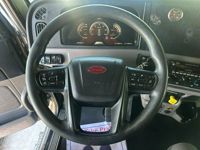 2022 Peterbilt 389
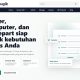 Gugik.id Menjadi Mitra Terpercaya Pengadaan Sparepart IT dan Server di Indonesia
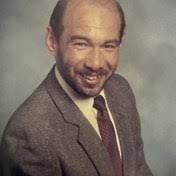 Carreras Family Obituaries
◆ ◆ ◆ ◆
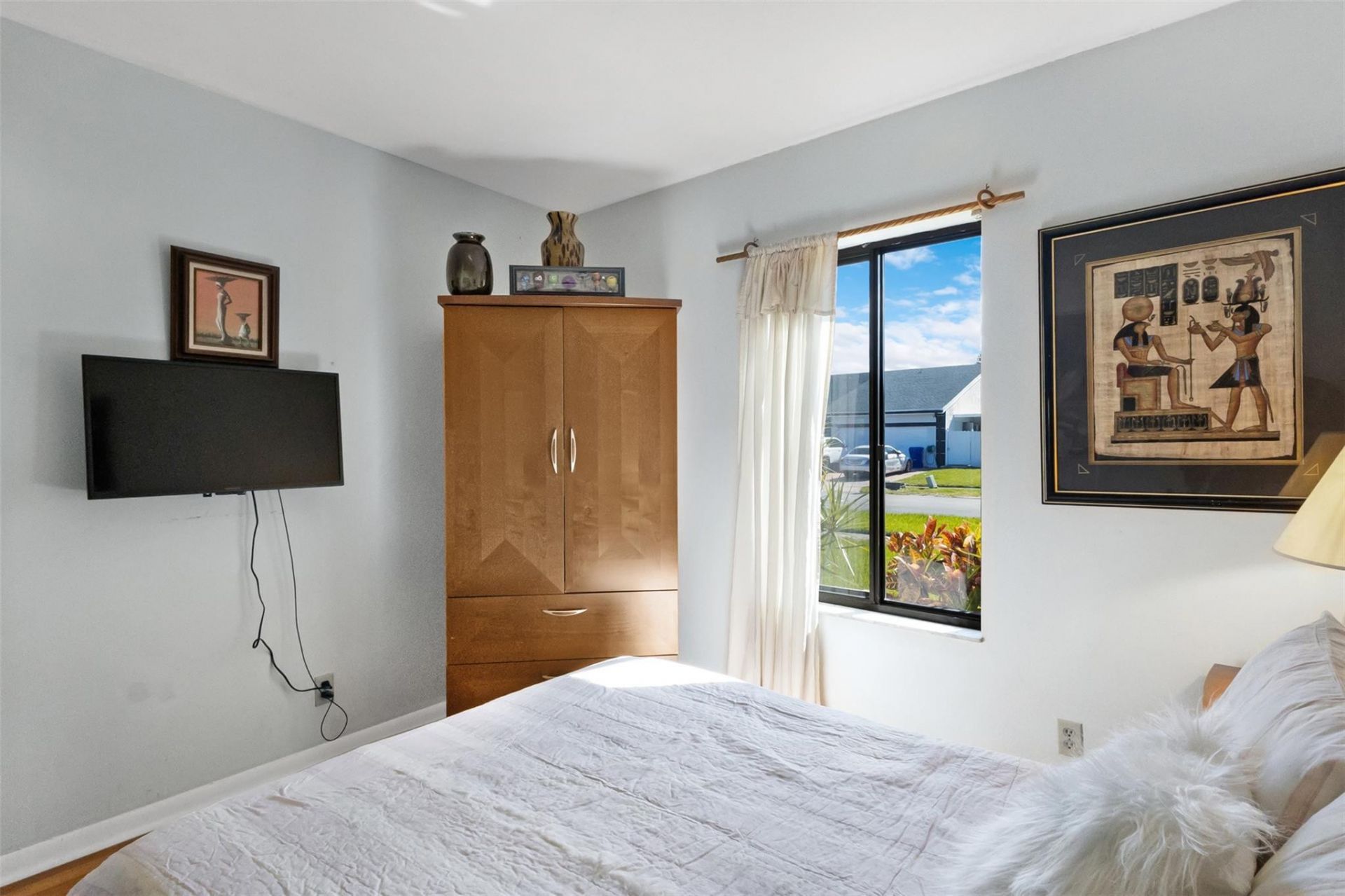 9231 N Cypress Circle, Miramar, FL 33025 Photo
◆ ◆ ◆ ◆
• YOUR OBJECTIVE
The answer is those lines of the material above that run from the one containing "2022 Peterbilt 389" up to and including the one containing "Carreras Family Obituaries", restated exactly and without images.

• SOLUTION BELOW
 2022 Peterbilt 389
 Gugik.id Menjadi Mitra Terpercaya Pengadaan Sparepart IT dan Server di Indonesia
 Carreras Family Obituaries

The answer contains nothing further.